Katherine Legge's lack of Nurburgring experience counted heavily against her as the latest round of the DTM took place in some typical Eifel conditions, but she showed some fighting spirit before her race ended earlier than expected.
Both qualifying and the race were affected by poor weather, and Legge found her learning curve steepened by having to negotiate the tricky circuit with limited vision through a dirty windscreen. TME Futurecom team-mate Christijan Albers struggled too, but Legge found herself trailing the Dutchman in 19th on the grid.
"Things were going very badly for us," she admitted, "My team-mate and I both had a hard time in the rain, but I made a few mistakes and vision through the windscreen was very poor."

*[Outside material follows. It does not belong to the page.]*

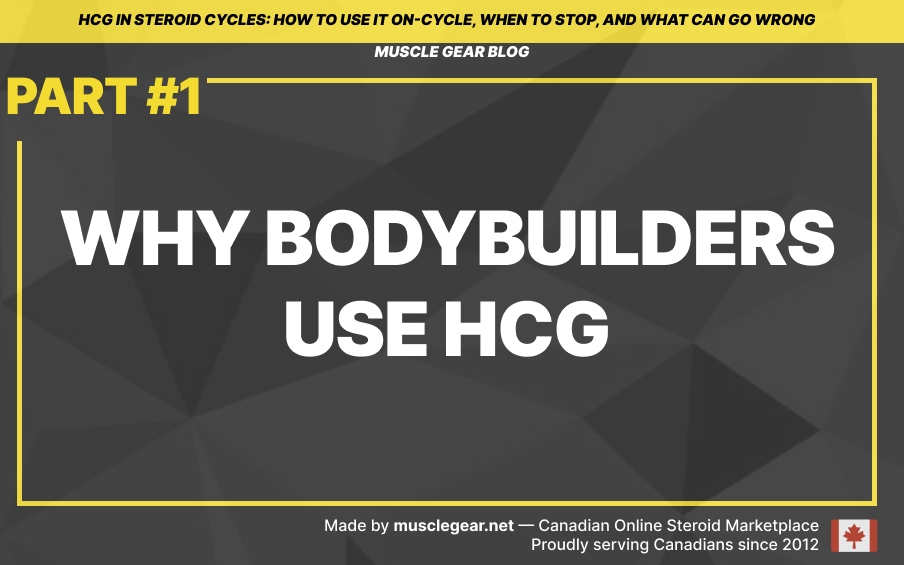 why use hcg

Legge's hopes for better weather on Sunday were not granted, but showed her adventurous side by opting to start the race on slicks and was rewarded by climbing as high as eighth. However, just before her second pit-stop was due, the Hofmuhl Audi A4 DTM was involved in a close encounter with Mercedes' rival Maro Engel, an incident over which there was the usual variance of events.
“I got stuck behind Katherine for a while and, when I wanted to pass her, she pulled over to the right and pushed me towards the pit-lane entry," Engel reported, having staged his own fight through the field after an early spin, "Our cars touched, I spun and got stuck in the gravel."
Legge, meanwhile, focused on what could have been.
"It could have turned into a really good race, as I was driving very consistent lap times," she reflected, "Then there was the incident with Maro Engel, and that, of course, was really unfortunate."
Before the race weekend, Legge visited the German branch of the British radio station BFBS in Herford and, as a guest on the breakfast show, proved her knowledge of British traffic rules in a quiz. As a prize, she received a pair of soft-fabric dice for the cockpit of her race car.
The dice were not her only 'gift' in the run-up to the race as, on a visit to nearby Lemgo, Legge got a surprise reception from mayor Dr Reiner Austermann, who welcomed the Briton on a street named Leggestrasse, presenting her with an illustrated book about the Old Hanseatic City of Lemgo. The unusual name of the street, the politician explained, came from the Middle Age term 'legge', which was a place for laying linen, and originated as the famous Lemgo linen was inspected by 'legging masters'.